One of the most important players in Turkish football history, Lefter, son of a father of Greek descent and a Turkish mother, had many records to his name.
Known for his classy dribbling and scoring abilities, he scored 423 goals in 615 matches during two separate spells at Fenerbahçe between 1947 and 1951 before a second stint from 1953 to 1964.
His transfer to Italian heavyweight Fiorentina in 1951 was the first time an international team paid a Turkish club to sign a Turkish footballer.
The current holder of Fenerbahçe’s coveted “number 10,” captain Alex de Souza, attended the ceremony yesterday and said Lefter’s loss “hurt him.”
“I am deeply sorrowed that Lefter passed away,” he said through a translator. “But people like that never die.
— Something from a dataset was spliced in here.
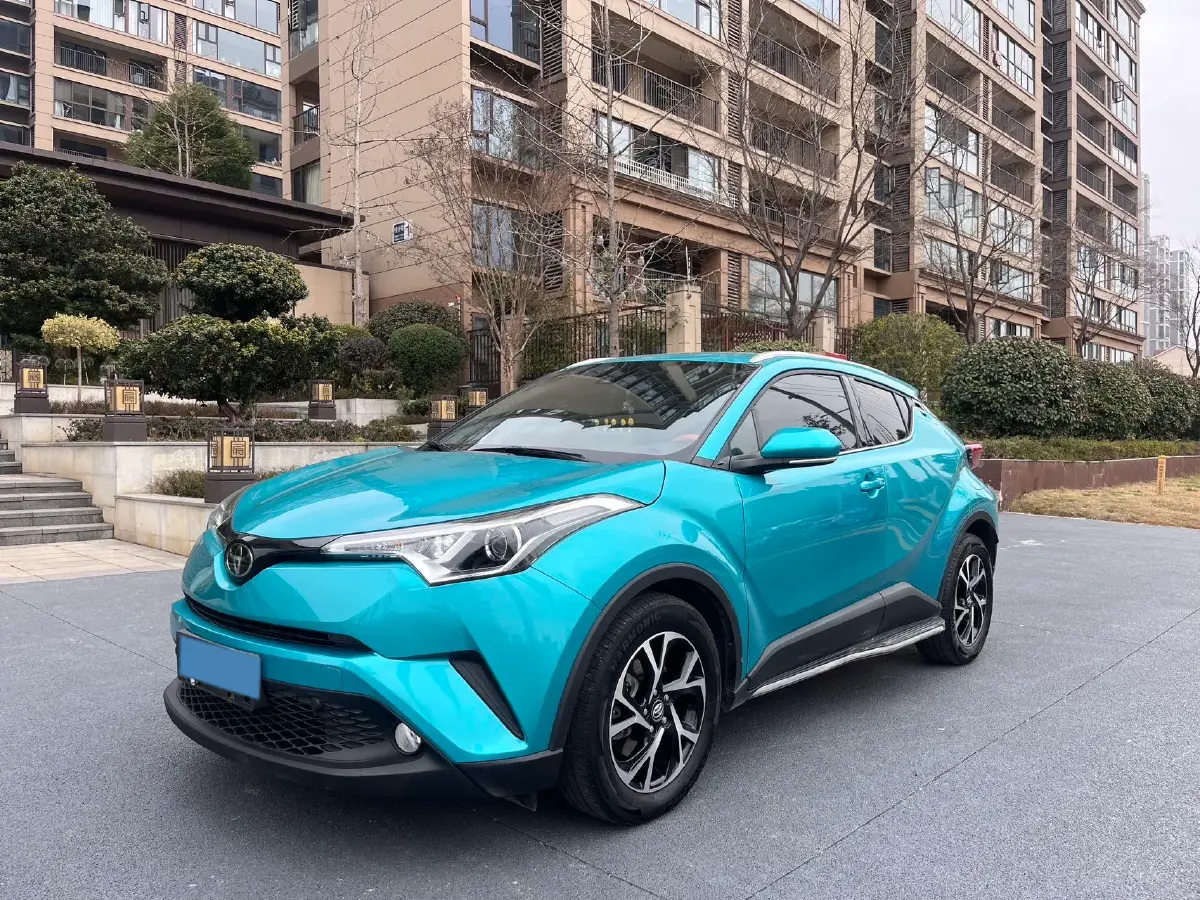 2018 Toyota C-HR 2.0L 171HP L4 CVT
Big clubs such as Fenerbahçe never let those icons die. I promise that I will never let the jersey, which he wore, down.”
WHY LEFTER WAS IRREPLACEABLE FOR FOOTBALL FANS
Çetin Cem Yılmaz - ISTANBUL
It might be tough to tell outsiders why thousands of football fans have been mourning since receiving news of the death of a footballer that they have never seen in action. Why Lefter Küçükandonyadis meant a lot to football fans, not only to the supporters of his Fenerbahçe, but to all lovers of the beautiful game, transcends today’s football fans.
Lefter, one of the biggest legends in Turkish football history, departed us Jan. 13, joining the likes of Metin Oktay and Hakkı Yeten. Like “Metin the King” and “Hakkı the Godfather,” who were almost synonymous with Galatasaray and Beşiktaş, respectively, Lefter was everything to Fenerbahçe. And fans of every other team loved him for that.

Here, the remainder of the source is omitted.